2. Low-income earners who retire with small CPP benefits are today also eligible for the Guaranteed Income Supplement (GIS). For them, the combined post-retirement income often approaches or even exceeds pre-retirement income. An increase in CPP will be largely offset by reductions in GIS. Asking this group to contribute more for little change in benefit is not a good outcome. Accordingly, some of the current proposals do not make deductions or provide benefits on earnings below $25,200.
3. Some finance ministers might be dreaming that this can somehow bail them out of their public pension funding deficiencies. It will not and it should not.
4. As the assets in the plan become very large, finance ministers might be tempted to interfere with the independent asset management.
So the desirable elements in a new plan are a long phase-in to full benefits, a focus on middle-income earners, and rigorously protected independence from meddling by finance ministers.
It is surprising and disappointing that the federal government is so resistant to considering options.

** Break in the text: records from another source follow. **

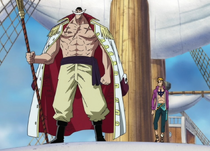 Whitebeard Compared to Normal Humans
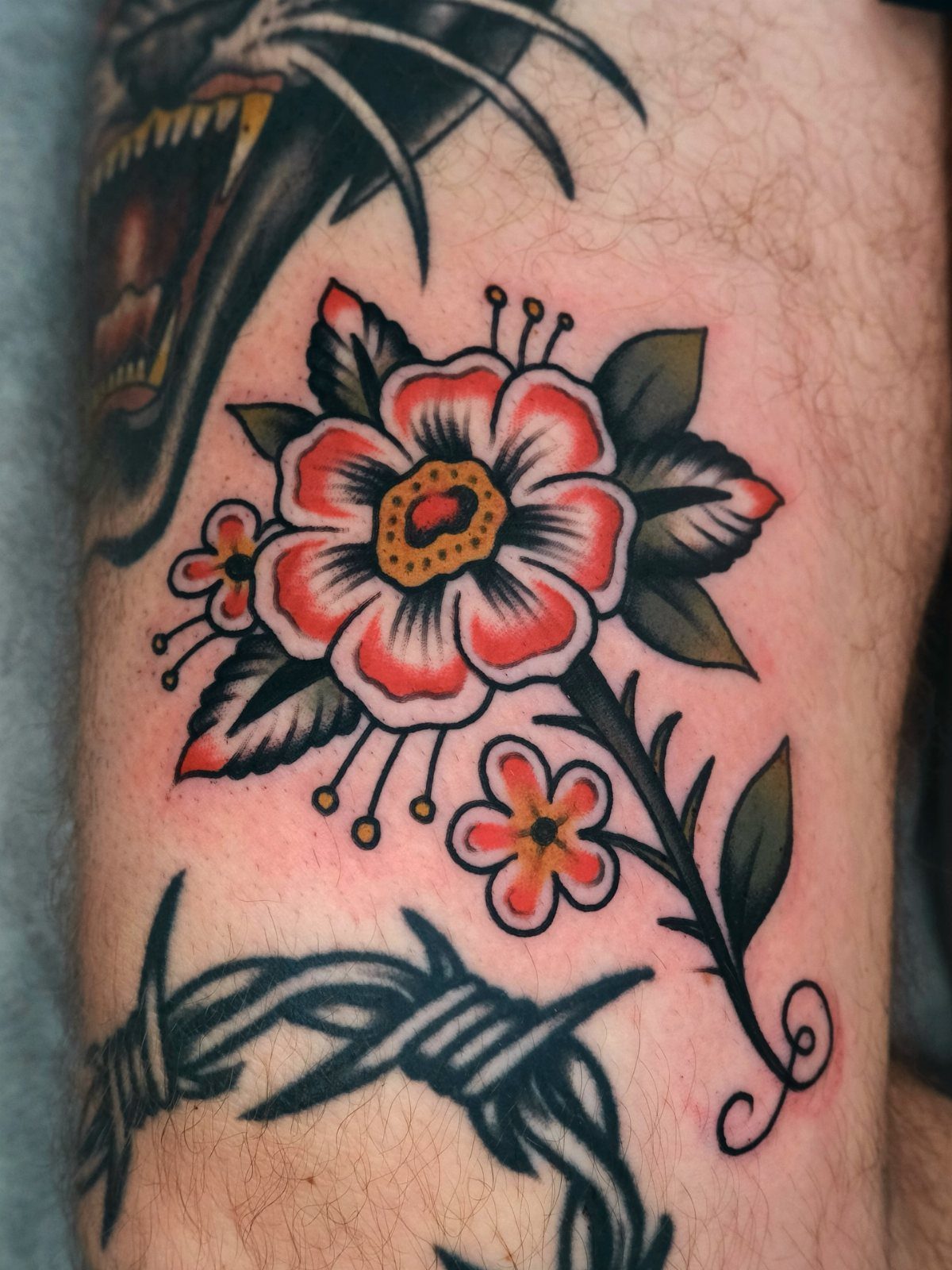 17 Flower Tattoo Ideas That Work in Every Style 15 Traditional red and white flower tattoo with bold black outlines on a person's leg.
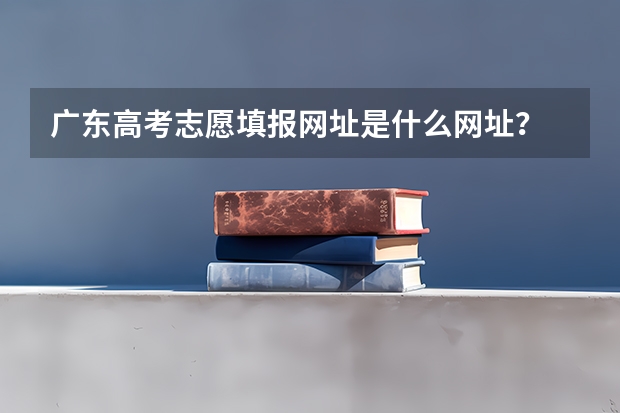 广东高考志愿填报网址是什么网址？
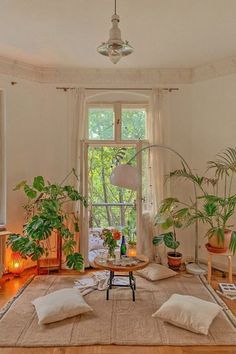 a living room filled with furniture and lots of plants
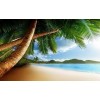 tropical background - Nature - 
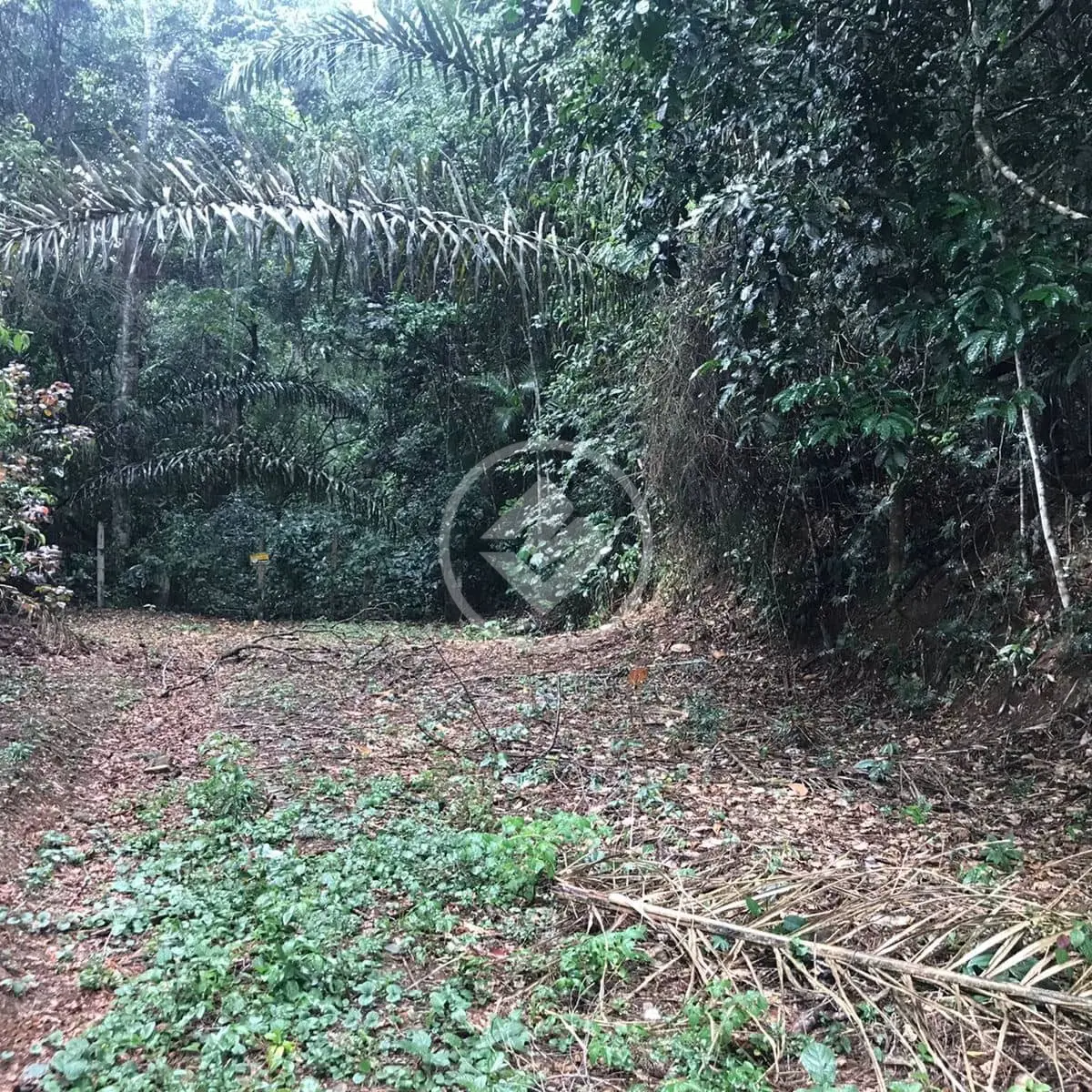 Imagem 2 - Terreno Condomínio em Fazenda Boa Fé, Teresópolis - RJ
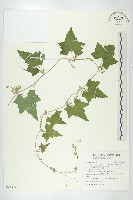 藏品(倒吊金鐘、天花)的圖片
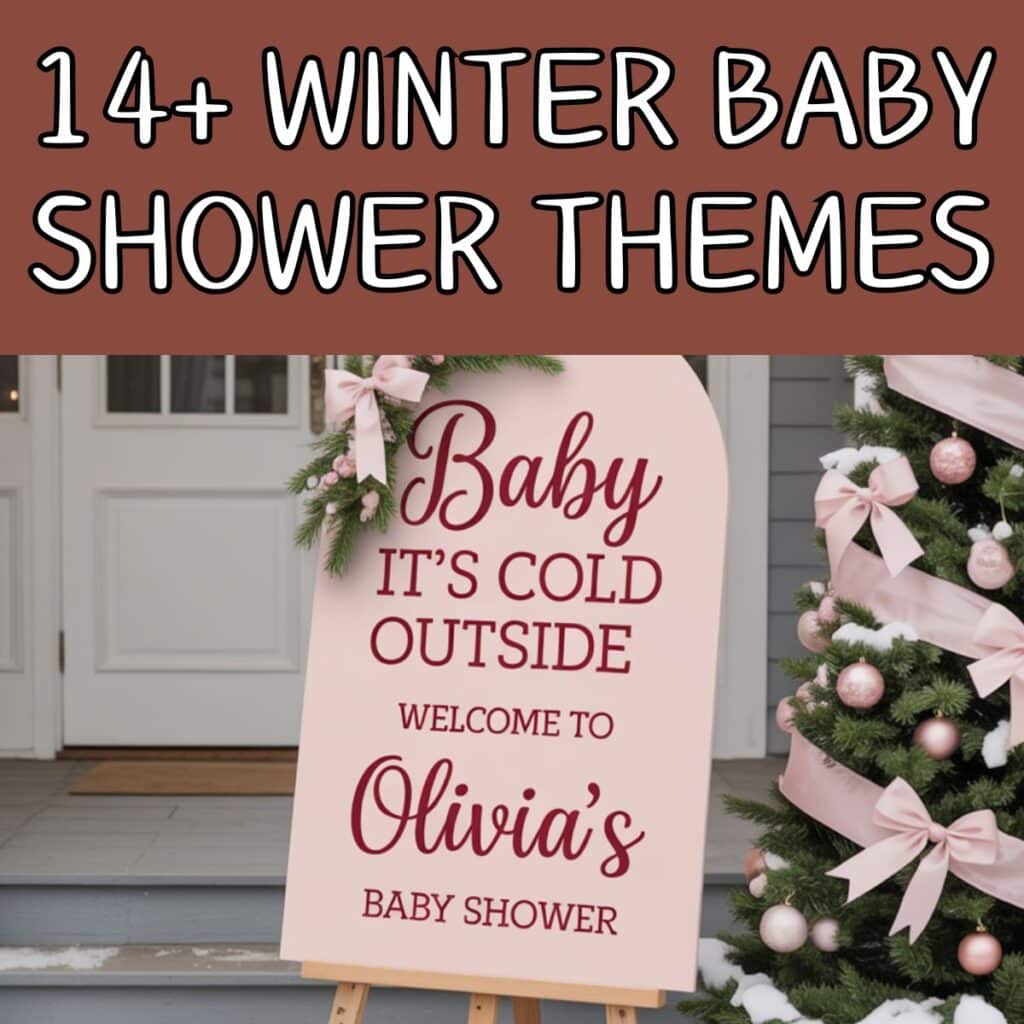 winter baby shower themes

It is disingenuous to argue that the economy is too fragile to risk an increase in payroll deductions, particularly when the provinces have offered to defer the start date, or to phase in implementation even more slowly.
Finance Minister Jim Flaherty has rejected all of these proposals. His “not now” sounds a lot like “not ever.”
In response, Ontario Premier Kathleen Wynne has proposed to establish a provincial program, with open arms to all other provinces that want to join. In principle, many others would, but getting agreement on the details will be difficult, particularly when the lead is coming from Ontario.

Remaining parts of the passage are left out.